Task statement – Without reproducing any picture, copy the records word for word.

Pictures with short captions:
++++

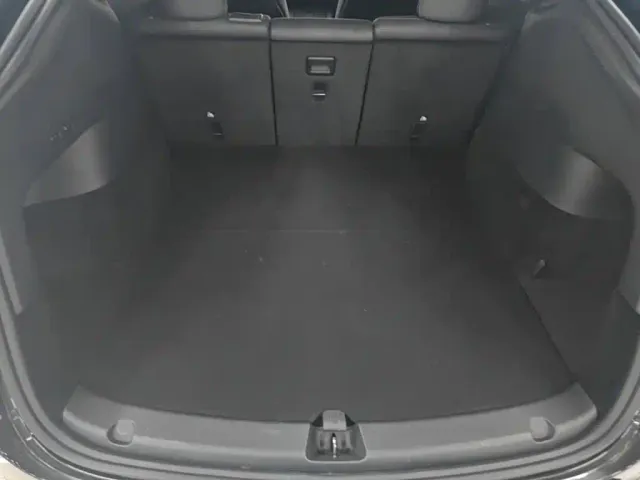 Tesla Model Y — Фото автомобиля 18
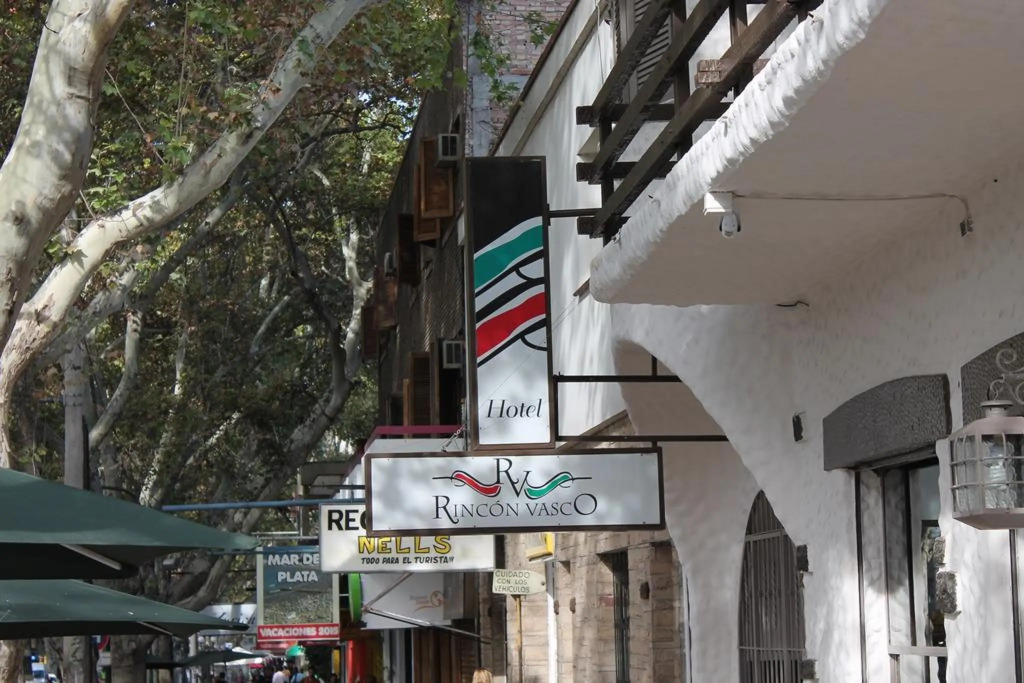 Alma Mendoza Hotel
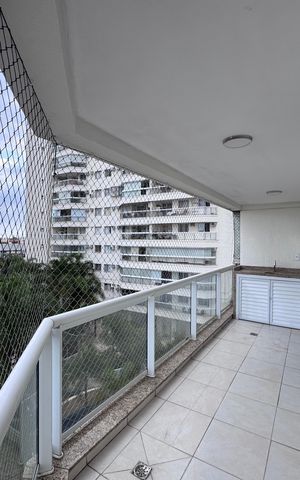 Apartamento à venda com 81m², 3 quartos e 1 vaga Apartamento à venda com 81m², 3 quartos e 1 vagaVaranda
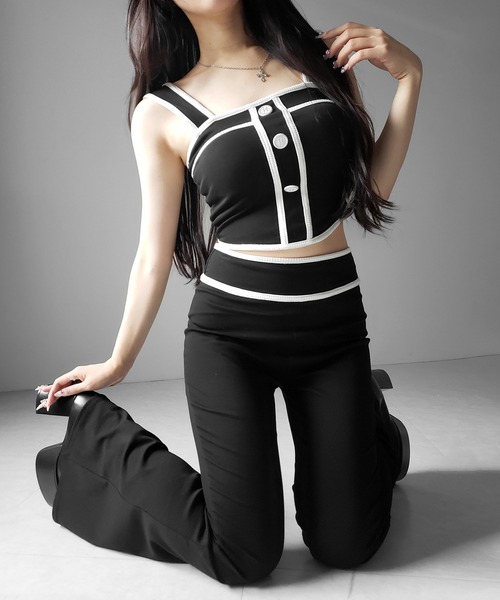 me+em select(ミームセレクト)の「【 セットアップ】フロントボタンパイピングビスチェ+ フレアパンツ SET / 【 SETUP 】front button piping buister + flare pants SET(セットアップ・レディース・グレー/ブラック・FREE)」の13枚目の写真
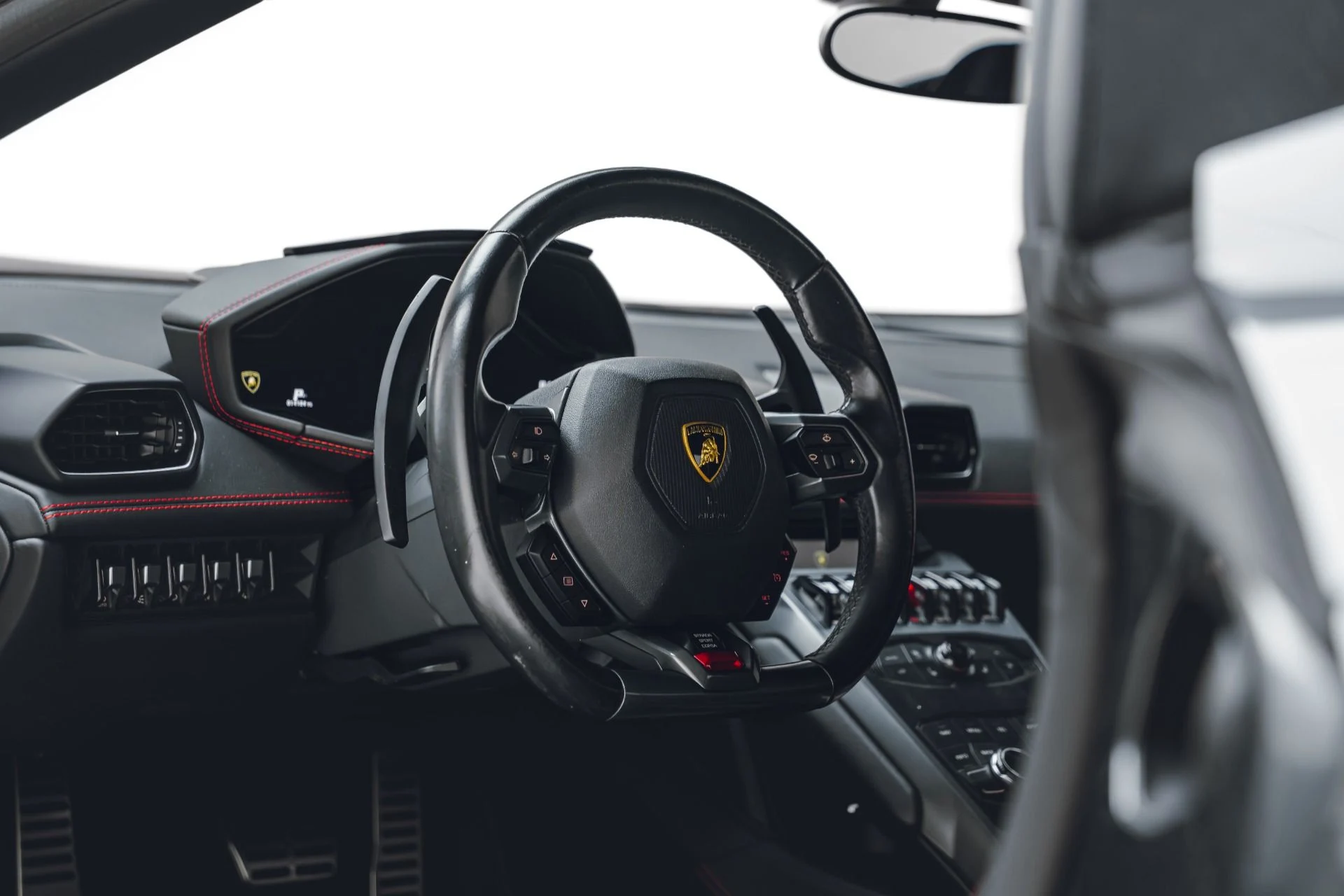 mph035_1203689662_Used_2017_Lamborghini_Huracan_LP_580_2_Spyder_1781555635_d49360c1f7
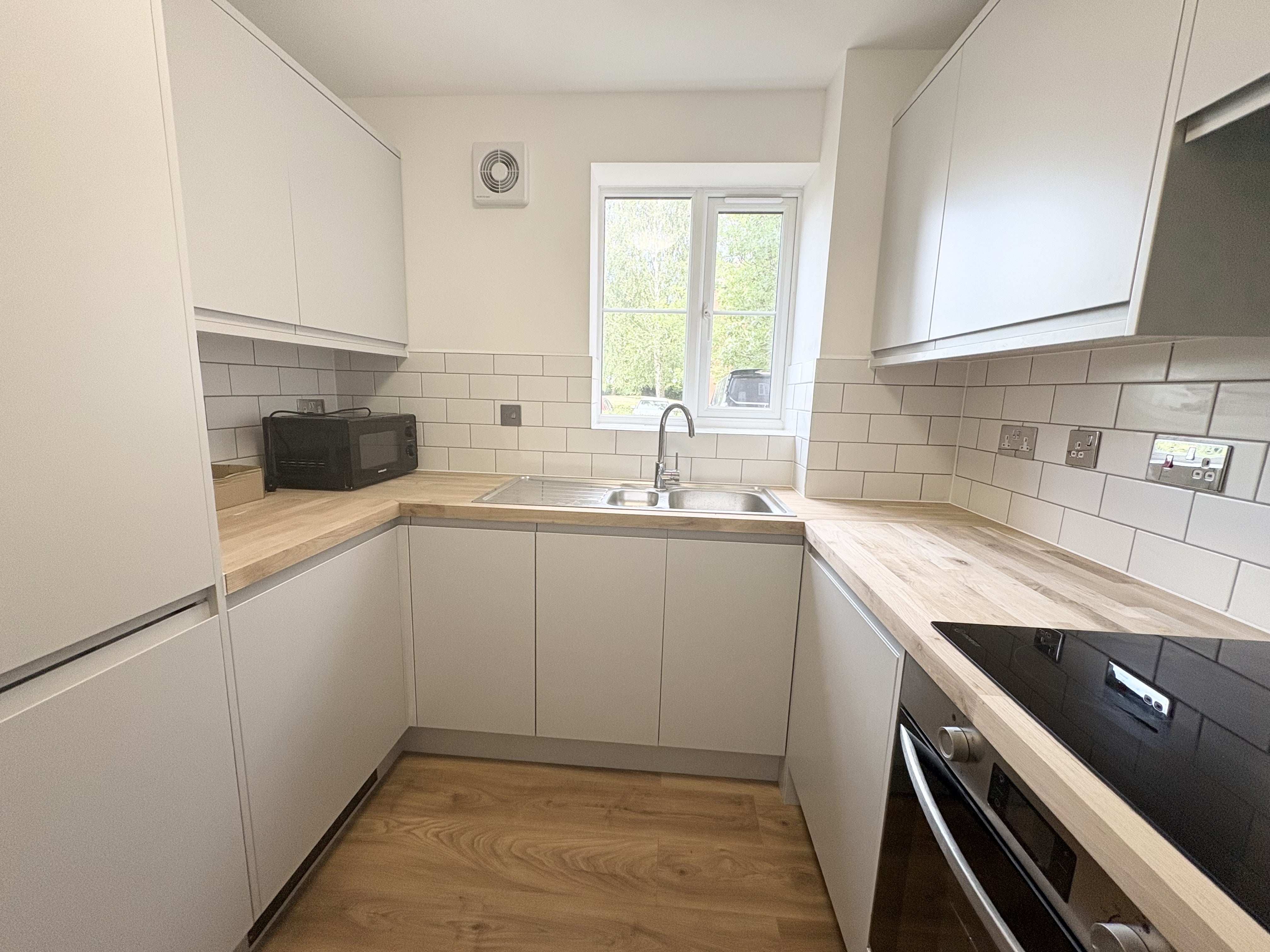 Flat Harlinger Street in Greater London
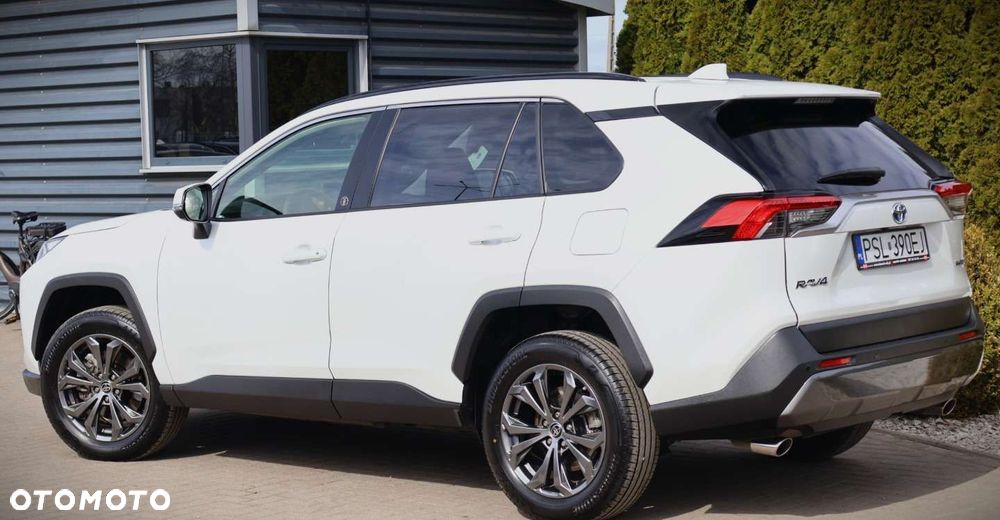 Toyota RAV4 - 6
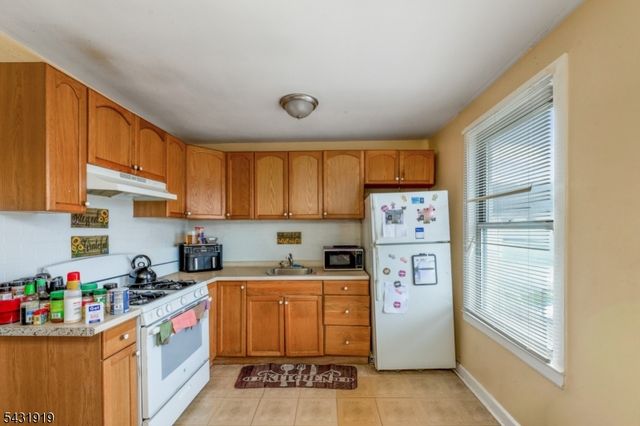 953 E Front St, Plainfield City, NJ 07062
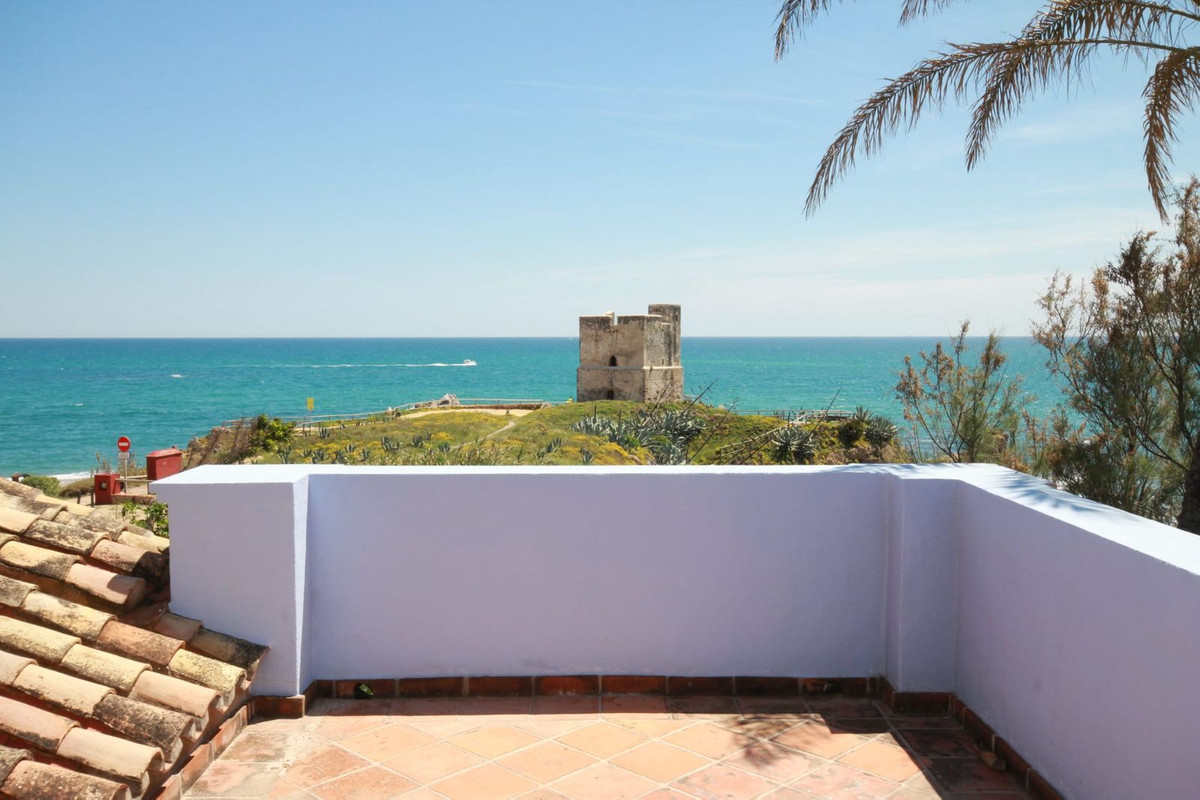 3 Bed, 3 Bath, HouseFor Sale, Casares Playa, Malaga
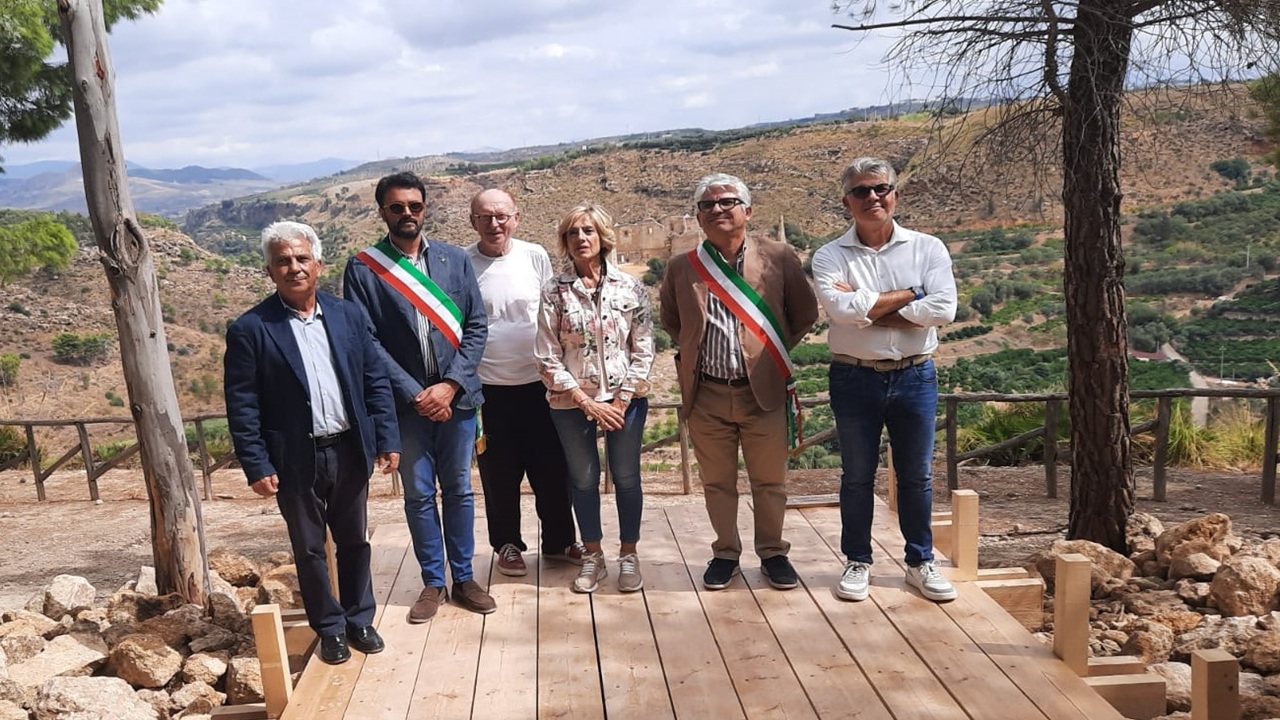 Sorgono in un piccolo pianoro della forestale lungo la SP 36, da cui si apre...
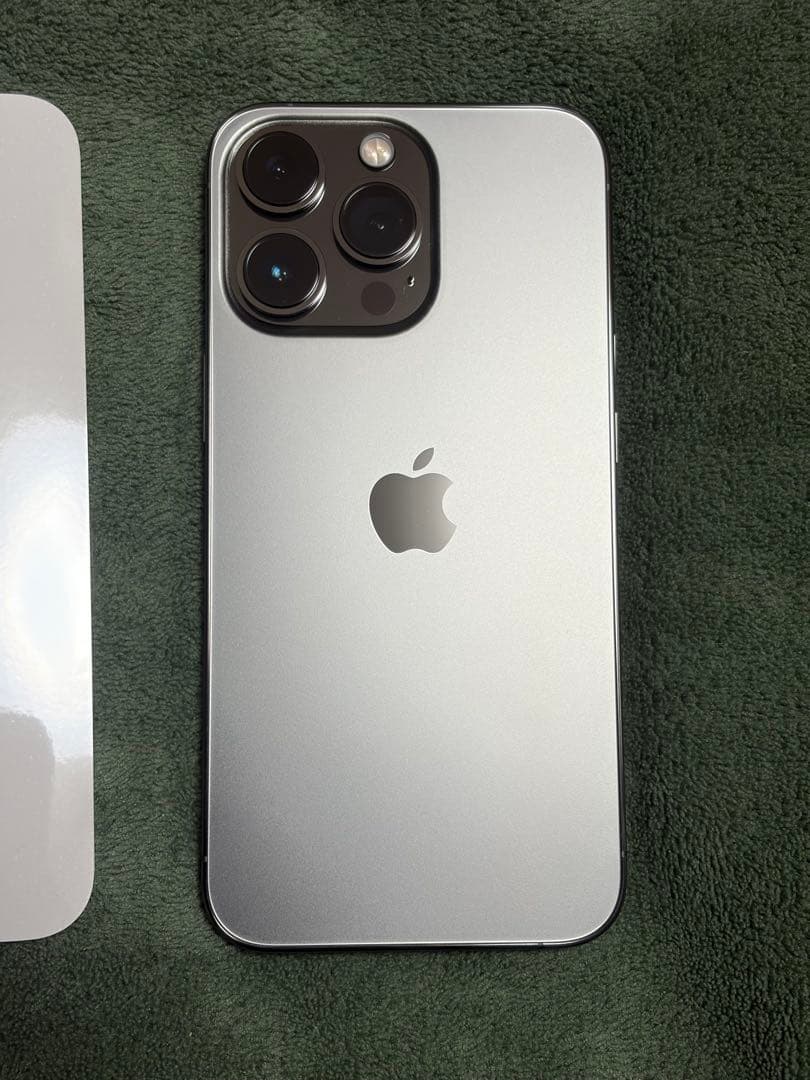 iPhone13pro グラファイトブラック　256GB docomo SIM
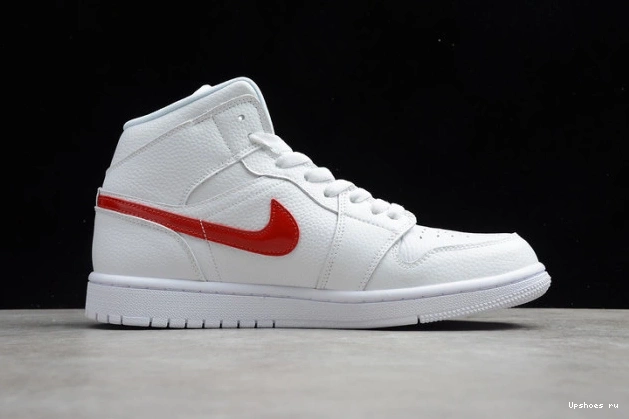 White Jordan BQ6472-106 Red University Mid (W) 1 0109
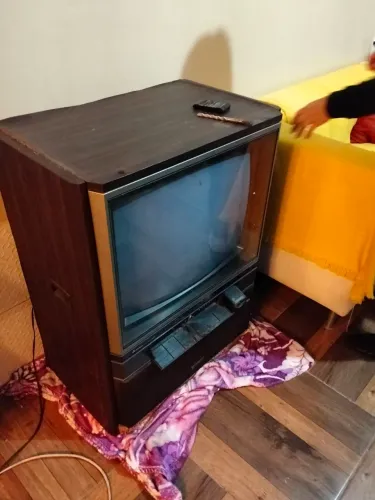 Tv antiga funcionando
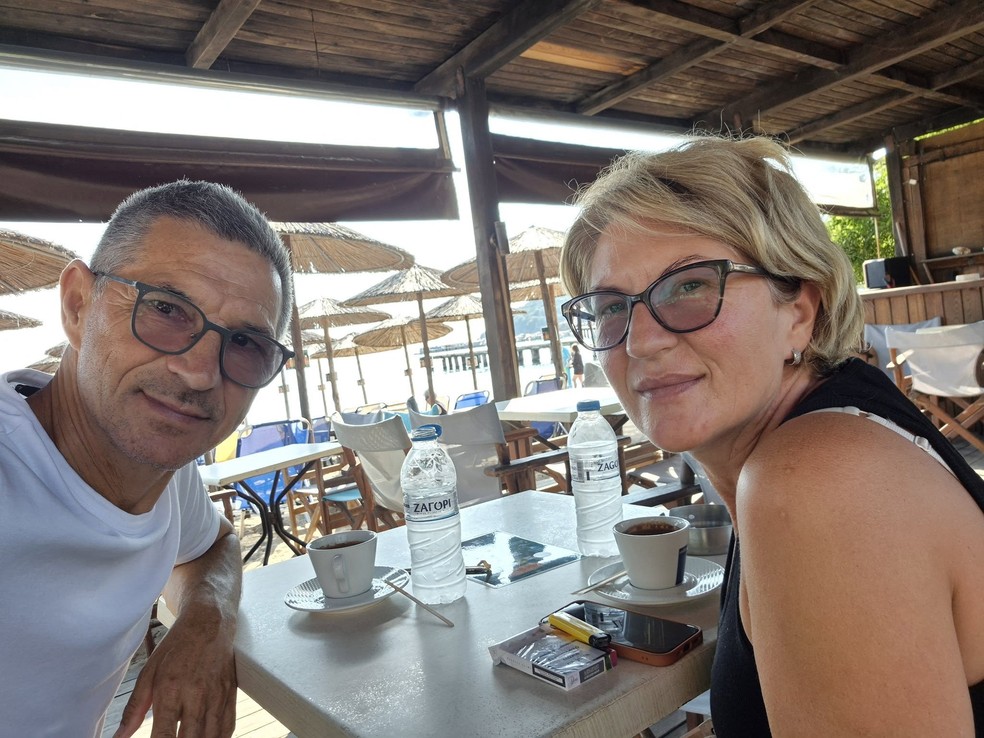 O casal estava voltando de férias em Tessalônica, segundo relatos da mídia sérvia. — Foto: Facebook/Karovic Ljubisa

++++

Answer for this exercise –
 Tesla Model Y — Фото автомобиля 18
 Alma Mendoza Hotel
 Apartamento à venda com 81m², 3 quartos e 1 vaga Apartamento à venda com 81m², 3 quartos e 1 vagaVaranda
 me+em select(ミームセレクト)の「【 セットアップ】フロントボタンパイピングビスチェ+ フレアパンツ SET / 【 SETUP 】front button piping buister + flare pants SET(セットアップ・レディース・グレー/ブラック・FREE)」の13枚目の写真
 mph035_1203689662_Used_2017_Lamborghini_Huracan_LP_580_2_Spyder_1781555635_d49360c1f7
 Flat Harlinger Street in Greater London
 Toyota RAV4 - 6
 953 E Front St, Plainfield City, NJ 07062
 3 Bed, 3 Bath, HouseFor Sale, Casares Playa, Malaga
 Sorgono in un piccolo pianoro della forestale lungo la SP 36, da cui si apre...
 iPhone13pro グラファイトブラック　256GB docomo SIM
 White Jordan BQ6472-106 Red University Mid (W) 1 0109
 Tv antiga funcionando
 O casal estava voltando de férias em Tessalônica, segundo relatos da mídia sérvia. — Foto: Facebook/Karovic Ljubisa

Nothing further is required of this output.